Exactly. Some judges decide to take French courses. I know some who constantly listen to their radio when they commute between work and home, so as to practise their French. Training is available, but some very highly-motivated unilingual judges have become sufficiently bilingual.
Besides, I put a question on the training of judges to a chief justice whom I will not mention by name. He told me that he knew judges who had been unilingual at the outset and that can now hear trials without using interpretation. We see that more and more judges are doing this. It needs determination and effort, but the system is working.

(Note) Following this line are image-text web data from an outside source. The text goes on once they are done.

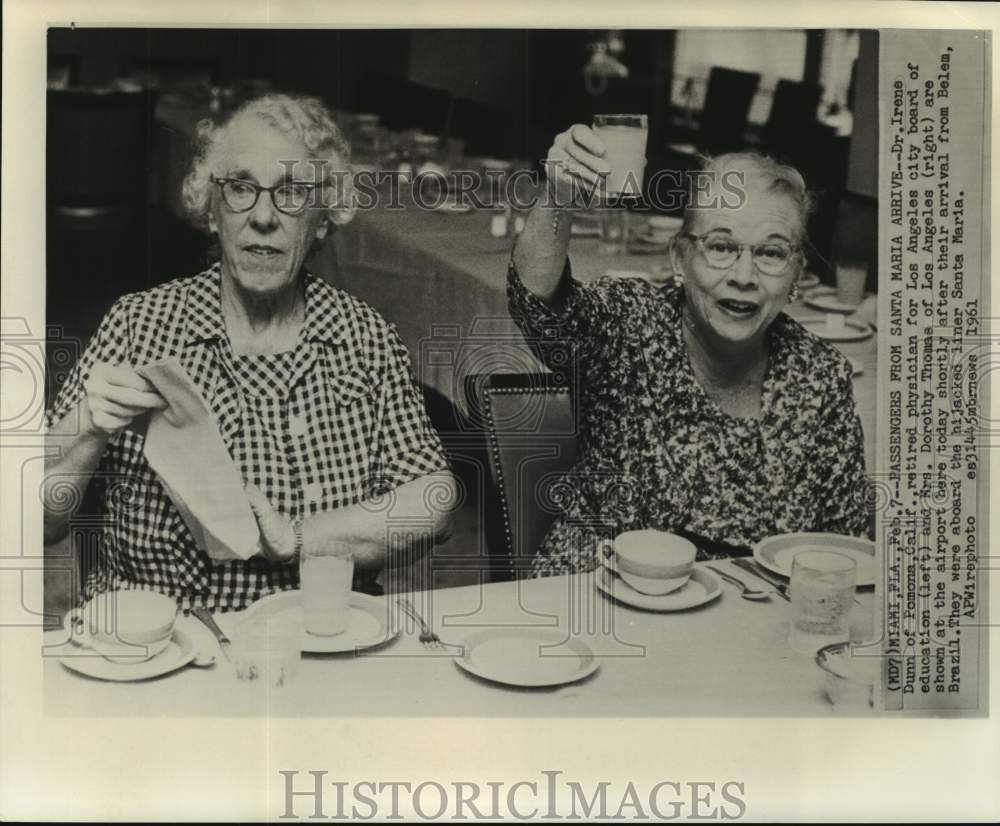 1961 Press Photo Dr. Irene Dunn & Dorothy Thomas, passengers from Santa Maria- Historic Images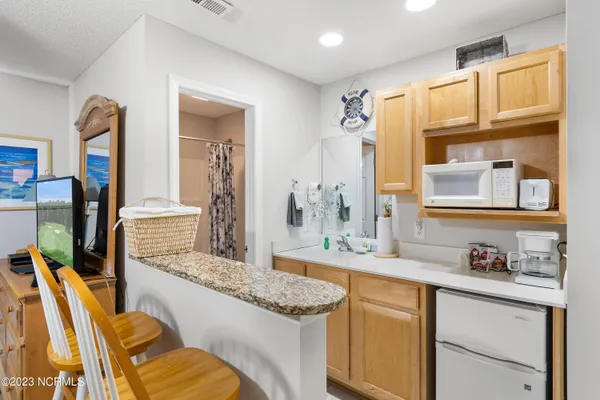 $2,400 | 3350 Club Villas Drive, Unit 305, Southport, NC 28461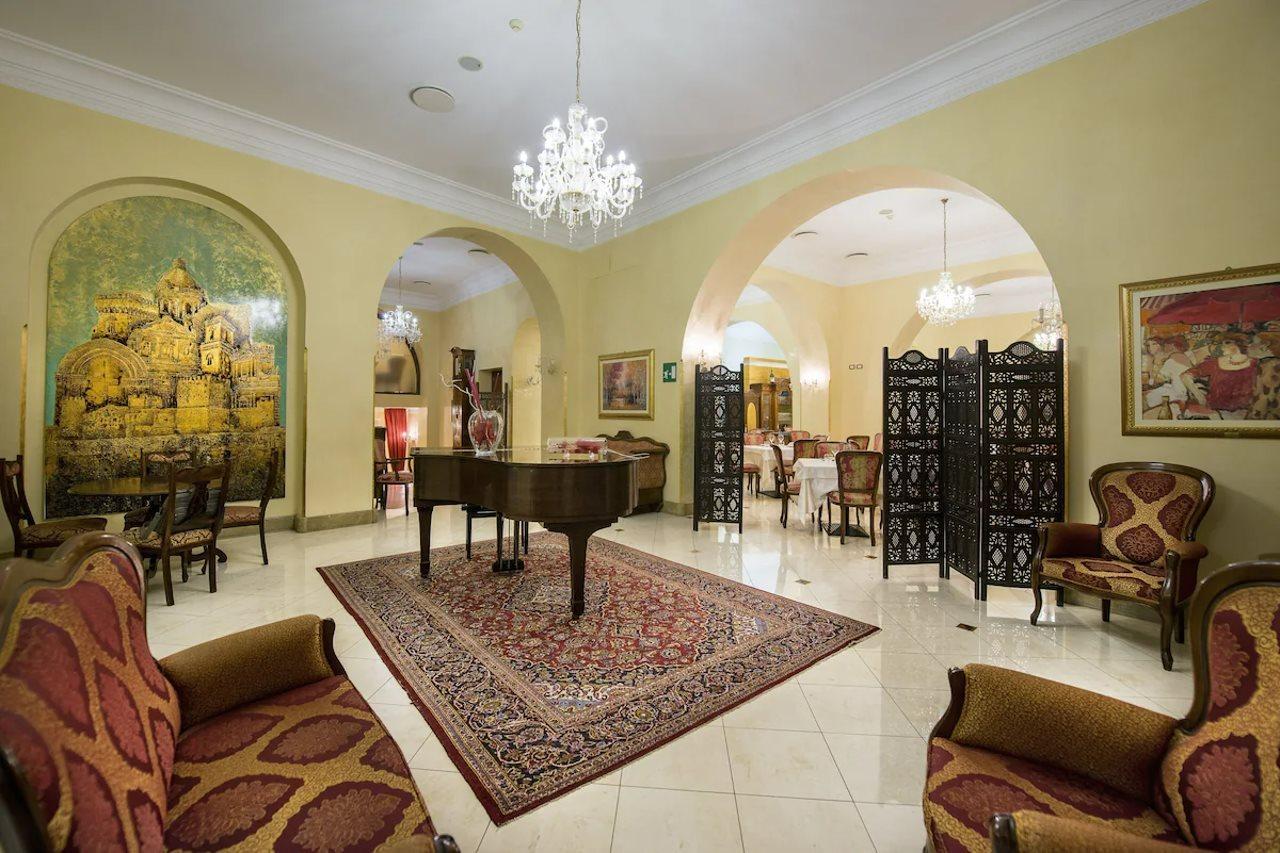 Hotel Centrale Spa & Relax Alcamo Kültér fotó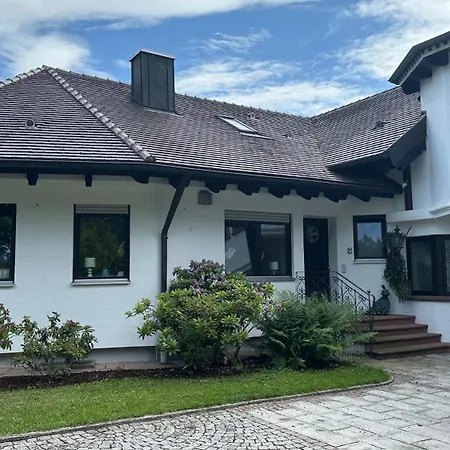 Neue Sonnige Ferienwohnung, Eigener Whirlpool, Nur 10 Min Zu Fuss Von Legoland Entfernt,80 M2 Stillvolle Nr 7 , Wunderschoener Garten Mit Terrasse, Fuer Den Ersten Fruehstueck Gefuellter Kuehlschrank,my Luxury Апартаменты Клайнкёц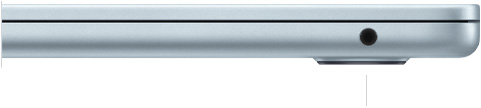 صورة للجهة اليمنى من جهاز MacBook Air وهو مغلق، تعرض مقبس سماعات الرأس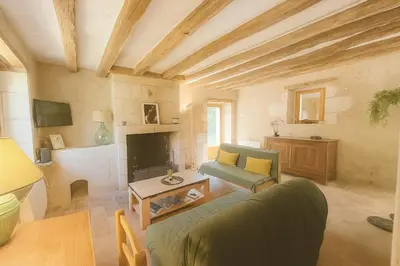 Télévision ou salle de divertissement dans l'établissement Evasion Champêtre au Coeur de la Vallée des Rois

If we look a bit lower down in the system, toward the future... In associations of legal professionals, especially in the west of Canada, we note that there are more and more anglophone members who have learned French, who have attended immersion courses and who absolutely want to maintain their level of French. The same thing with law faculties. About two years ago, the University of Manitoba told us that it was intending to offer law courses in French because the students want to take part in contests like the Laskin Moot and because some of them who had gone to immersion courses wanted to maintain their French. Law faculties are beginning to think in these terms. This was not the case 20 or 25 years ago, but it is coming along very quickly. We can see the change.
We mentioned some cases that were heard in French by courts of appeal and by panels of judges in the west of Canada during the two or three past years. Most of these judges were anglophone, but bilingual. Twenty-five years ago, no one believed that this could be done. Things have evolved a great deal and we must now go on to the next phase.